Word for word, set down every line of the entries below from the line with "adoptable Dog in" to the line with "HARNAIS JULIUS IDC POWER FUCHSIA", including both, and no other line.

GIVEN ENTRIES ▸

== Segment start ==

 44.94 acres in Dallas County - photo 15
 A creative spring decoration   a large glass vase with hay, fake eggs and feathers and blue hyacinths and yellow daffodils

== Segment end ==
== Segment start ==

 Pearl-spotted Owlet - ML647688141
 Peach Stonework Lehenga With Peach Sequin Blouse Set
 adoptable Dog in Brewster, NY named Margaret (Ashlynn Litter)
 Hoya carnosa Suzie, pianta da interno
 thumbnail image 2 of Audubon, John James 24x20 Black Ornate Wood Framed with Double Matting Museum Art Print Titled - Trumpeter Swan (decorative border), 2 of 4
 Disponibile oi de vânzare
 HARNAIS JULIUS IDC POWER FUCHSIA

== Segment end ==
== Segment start ==

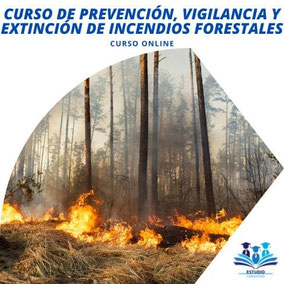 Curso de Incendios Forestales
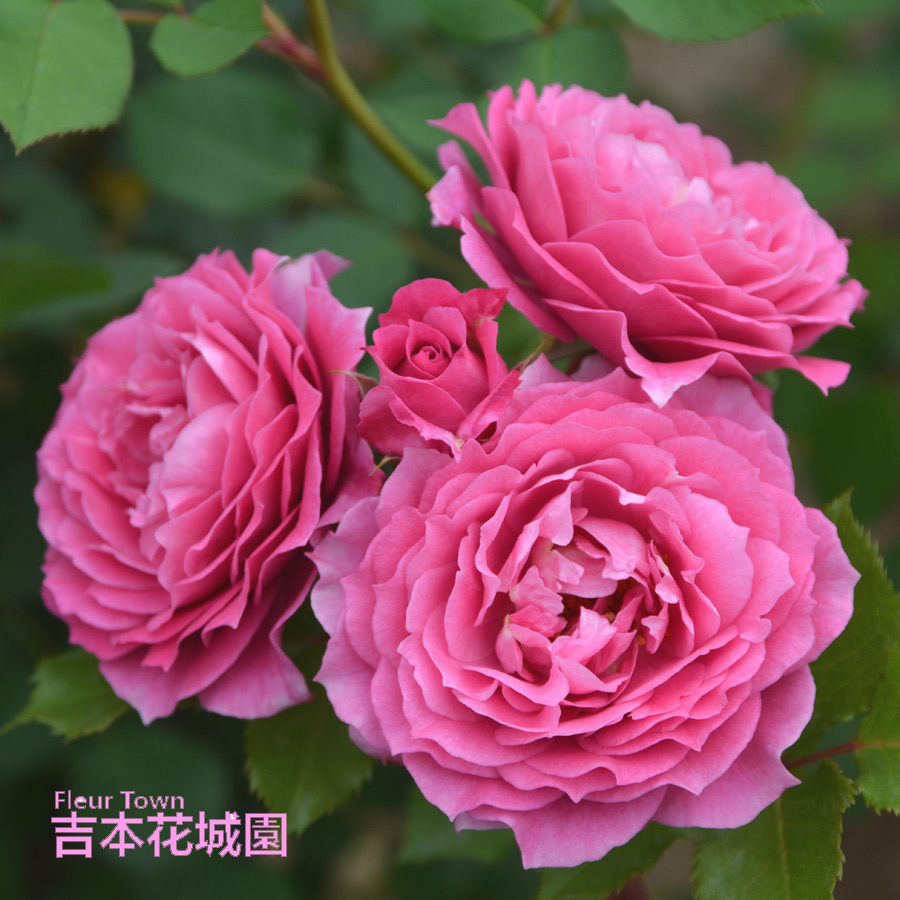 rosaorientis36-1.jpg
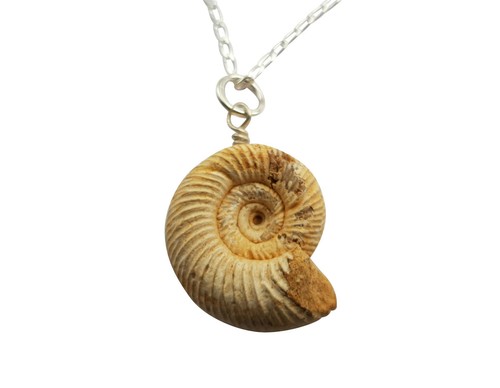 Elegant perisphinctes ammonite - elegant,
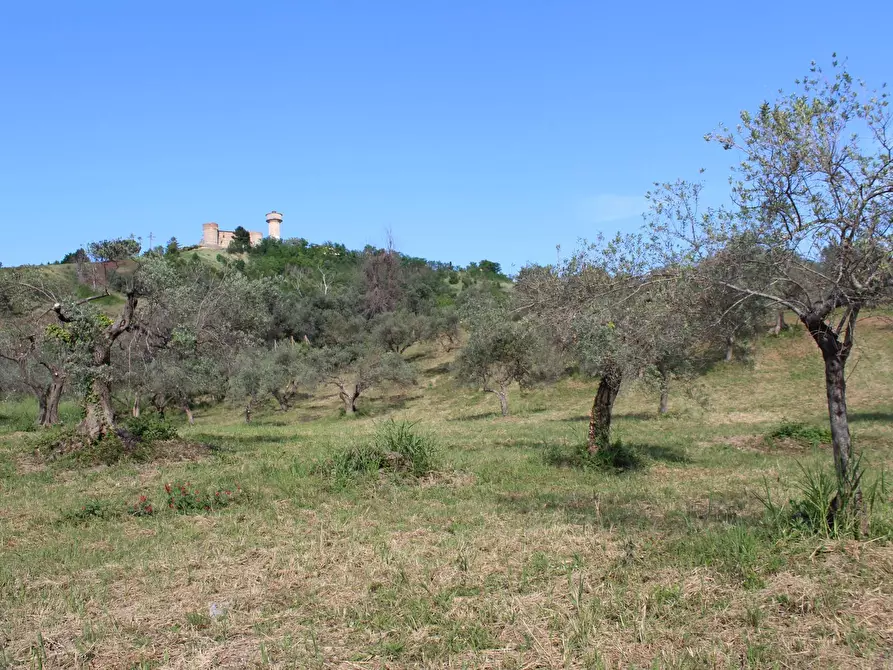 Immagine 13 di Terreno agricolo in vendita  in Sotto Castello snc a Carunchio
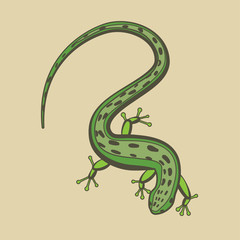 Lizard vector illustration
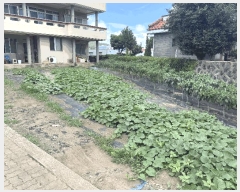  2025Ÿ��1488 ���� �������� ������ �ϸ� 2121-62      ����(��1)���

== Segment end ==

OUTPUT ▸
 adoptable Dog in Brewster, NY named Margaret (Ashlynn Litter)
 Hoya carnosa Suzie, pianta da interno
 thumbnail image 2 of Audubon, John James 24x20 Black Ornate Wood Framed with Double Matting Museum Art Print Titled - Trumpeter Swan (decorative border), 2 of 4
 Disponibile oi de vânzare
 HARNAIS JULIUS IDC POWER FUCHSIA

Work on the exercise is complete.